Since the late 1970s, Pärt has worked in a minimalist style that employs his self-invented compositional technique, tintinnabuli. His music also takes inspiration from Gregorian chant. He is often associated with the New Simplicity movement.
Pärt was born in Paide, Järva County, Estonia. A prolonged struggle with Soviet officials led him to emigrate with his wife and their two sons in 1980. He lived first in Vienna, where he took Austrian citizenship and then relocated to Berlin, Germany, in 1981. He returned to Estonia around the turn of the 21st century and now lives alternately in Berlin and Tallinn. He speaks fluent German and has German citizenship as a result of living in Germany since 1981.
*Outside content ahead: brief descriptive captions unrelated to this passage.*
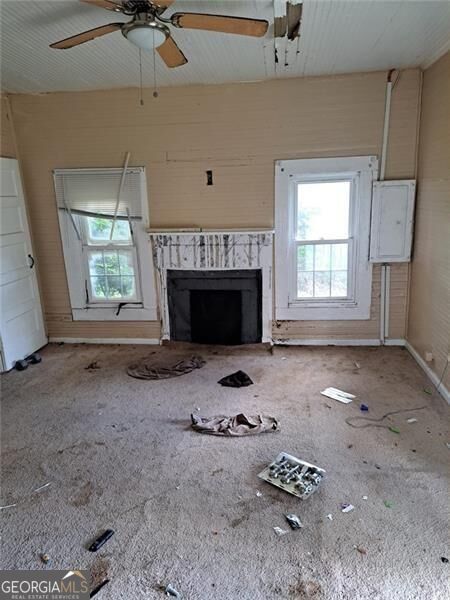 1785 Martin Luther King Jr Boulevard Property Photo 2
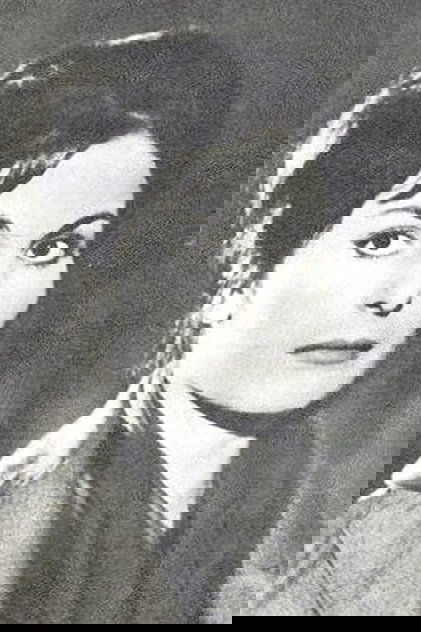 Vessela Radojeva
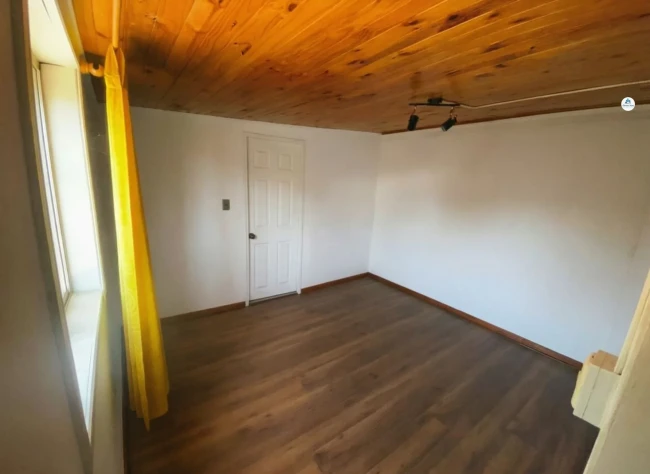 Casa 3D en Venta Más Espacio para Emprendimiento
Spiegel im Spiegel is a piece of music written by Arvo Pärt in 1978, just prior to his departure from Estonia. The piece is in the tintinnabular style of composition, wherein a melodic voice, operating over diatonic scales, and tintinnabular voice, operating within a triad on the tonic, accompany each other. It is about ten minutes long.
The piece was originally written for a single piano and violin – though the violin has often been replaced with either a cello or a viola. Versions also exist for double bass, clarinet, horn, flute, bassoon, and percussion. The piece is an example of minimal music.
The piece is in F major in 6/4 time, with the piano playing rising crotchet triads and the second instrument playing slow scales, alternately rising and falling, of increasing length, which all end on the note A (the mediant of F). The piano’s left hand also plays notes, syncopated with the violin (or other instrument).
“Spiegel im Spiegel” in German literally can mean both “mirror in the mirror” as well as “mirrors in the mirror”, referring to the infinity of images produced by parallel plane mirrors: the tonic triads are endlessly repeated with small variations as if reflected back and forth.